MIT joins effort for energy-efficient computing


In a collaboration that reinforces MIT's commitment to addressing global energy challenges, the Institute has joined a worldwide effort to drive energy-efficient computing.

The goal is to save $5.5 billion in energy costs and reduce greenhouse gas emissions by 54 million tons per year.

Led by Intel and Google, the Climate Savers Computing Initiative aims to save energy and reduce greenhouse gas emissions by setting aggressive new targets for energy-efficient computers and components and promoting the adoption of energy-efficient computers and power management tools worldwide.

"This is an important step that demonstrates MIT's commitment to reducing our campus energy use and carbon dioxide footprint," said Leon R. Glicksman, professor of architecture and mechanical engineering and co-chair of MIT's new Campus Energy Task Force with Theresa Stone, MIT's executive vice president and treasurer.

"The increase in computer efficiency is only part of MIT's campus energy initiative," he continued. "We also want to inform users what they can do to reduce energy consumption as related to computing. Further, we have innovative concepts that will decrease the energy needed to cool large server installations."

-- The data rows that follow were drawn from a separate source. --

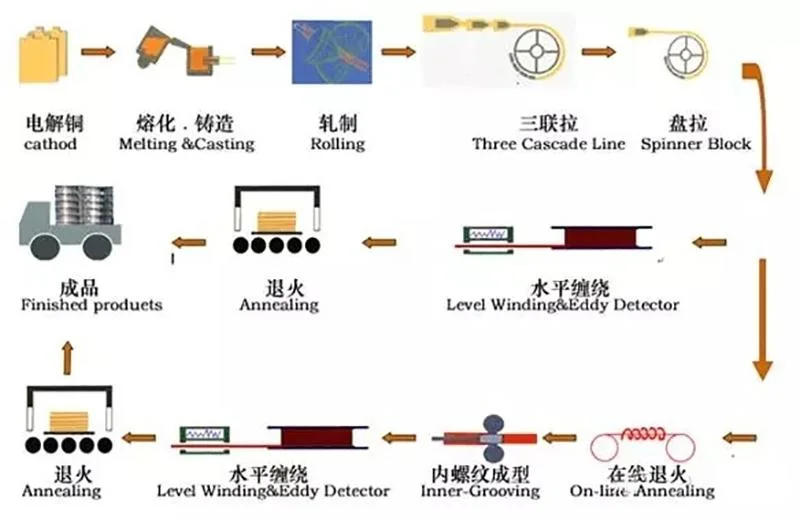 Copper Tube Connecting Red Copper Pipe Coil Capillary Copper Coil Copper Tube Air Conditioner Radiator Copper Tube Refrigerator Radiator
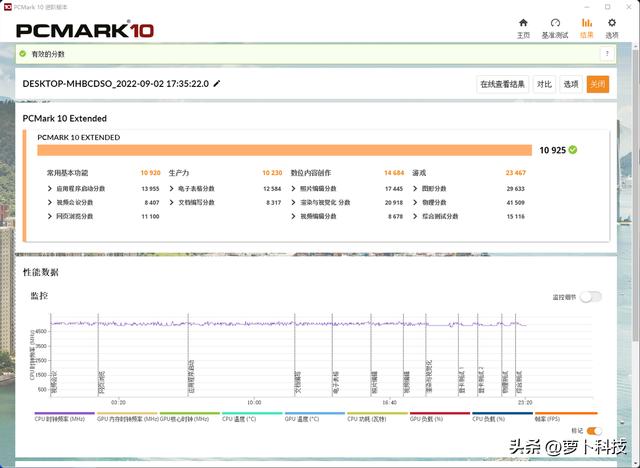 绝地求生辅助6000 XPG龙耀 DDR5-6000内存评测：搭配高性能平台正合适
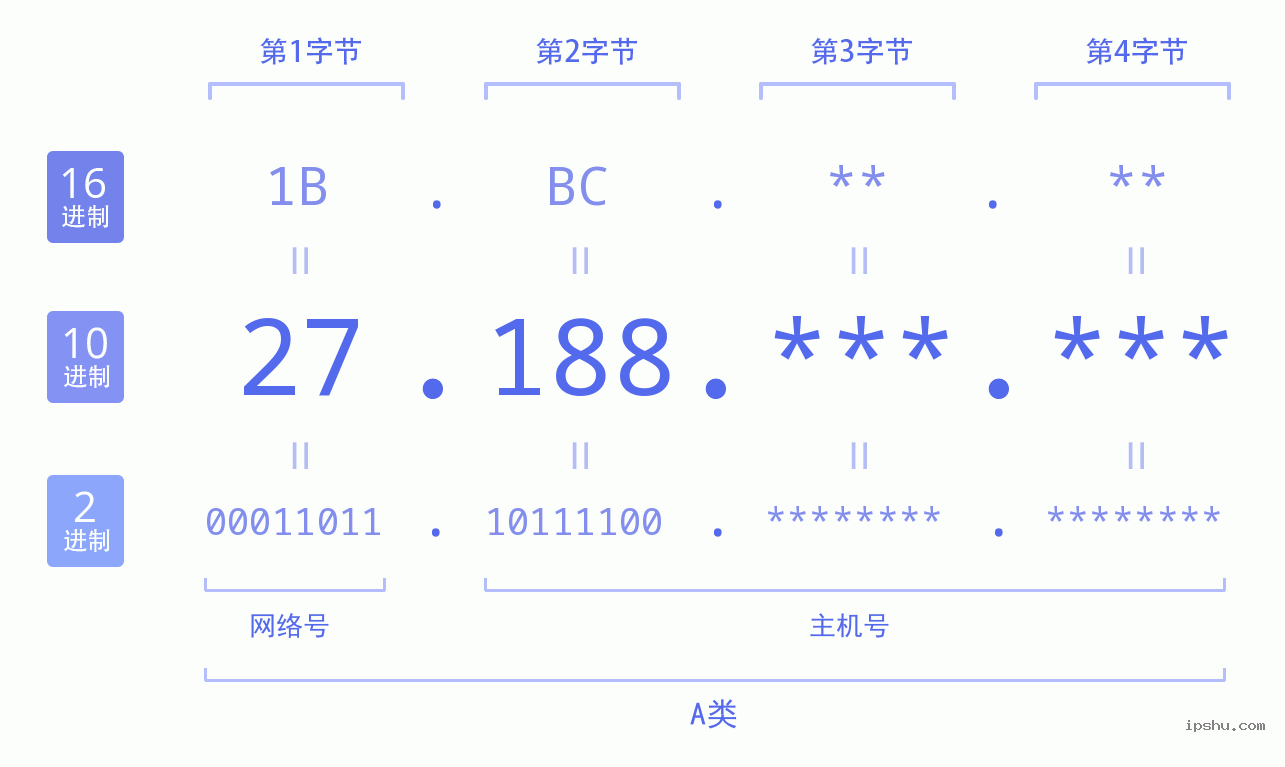 IPv4: 27.188 网络类型 网络号 主机号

Said Jerrold Grochow, MIT's vice president for information services and technology, "The MIT campus is home to over 20,000 personal computers and hundreds of high-performance servers.  Reducing energy consumption of these machines will help us in our goal of ensuring that MIT is an example of the best in efficient energy usage, something that is a cornerstone of our Institute-wide focus on energy research and practice initiatives. 

"These initiatives will have results far beyond the MIT campus in helping improve efficient energy consumption in all large organizations," he said.

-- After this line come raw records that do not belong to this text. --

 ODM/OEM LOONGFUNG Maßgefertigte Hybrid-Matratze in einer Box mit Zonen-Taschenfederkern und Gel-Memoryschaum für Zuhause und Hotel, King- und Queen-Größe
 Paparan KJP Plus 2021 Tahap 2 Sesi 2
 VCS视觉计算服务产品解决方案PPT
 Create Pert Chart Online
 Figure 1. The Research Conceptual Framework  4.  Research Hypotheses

Bill Weihl, head of energy strategy at Google, said: "As a former MIT professor, I know first-hand the creativity and innovation that MIT can bring to bear on critical problems like the climate crisis.  We are delighted to have them join us in this important initiative to reduce energy consumption from computers. Their commitment to energy efficiency helps set a standard for others to follow."

"Today, the average desktop PC wastes nearly half of its power, and the average server wastes one-third of its power," said Urs Hölzle, Google's senior vice president for operations and Google Fellow. "The Climate Savers Computing Initiative is setting a new 90 percent efficiency target for power supplies, which if achieved, will reduce greenhouse gas emissions by 54 million tons per year--and save more than $5.5 billion in energy costs."

"We are asking businesses and individuals throughout the world to join with us to institute better power management of their computing equipment and purchase energy-efficient computers," Hölzle added. Already more than 30 organizations, including MIT, have joined the initiative.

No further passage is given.